Every few weeks my class is tasked with redesign a site on campus.

Site analysis: past, present and future

Each student begins by completing a site analysis including recording key information about the current state of the site. Environmental conditions, soft and hard landscaping, how many people use the site, what time of day it's used and who occupies the surrounding buildings are all recorded and reported back to the class. Any problems or limitations with the site, lack of access or underground utility lines, are also recorded in order to determine what changes should be made.

Site redesign: deciding on your theme

Next, we find a theme for the redesign that's relevant to the site. The best way to choose a theme is by researching the history, current use and location of the site. My project themes are usually inspired by the surrounding architecture or the subjects being studied in the surrounding buildings. 

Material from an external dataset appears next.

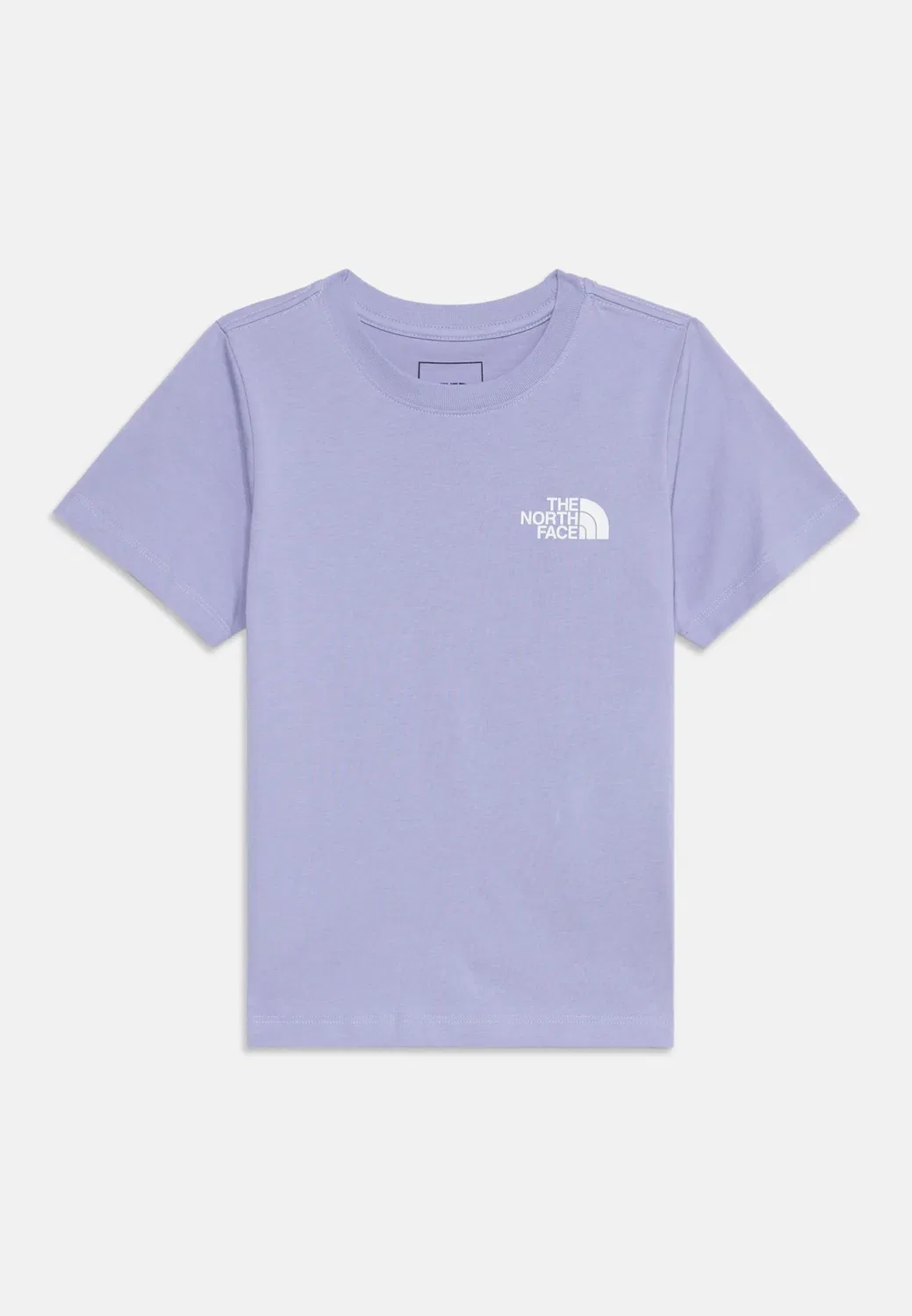 Футболка унисекс с принтом Teen evolution box The North Face, Pale Plum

Design concepts: getting ideas onto paper

Sketching out ideas on paper is a good technique for exploring design concepts. Creating plans highlighting alterations to be made, and areas of the site to be retained, can be used as a starting point. It’s also helpful to make conceptual drawings experimenting with spatial forms that express your theme. All these drawings provide a base for the schematic site plan, the final plan for your design which should be drawn to scale, showing exactly how the new site will look. Supporting drawings representing the site from different perspectives can be developed to provide a clearer idea of materials to be used and space between objects.

Polly's recommended garden design considerations

If you’re interested in designing a garden, here are some key things to consider when working through the design process:

  • What are the environmental conditions of the site (climate, soil type, location)?
  • Why are you choosing one design intervention over another?
  • Can you determine which of your design ideas are the strongest and most suit the site conditions?
  • What is the function of each space within your design?
  • What are the connections with the existing site and surrounding architecture?
  • Are you solving existing problems within the site? 
  • Is your design benefitting the ultimate user of the site?

The essential message being taught within my design class is that every landscape tells a story of its historical, cultural, and environmental past and present. Our job as designers is to evaluate each landscape through these facets, creating spaces for humans and wildlife with emphasis on sustainability, functionality and aesthetics.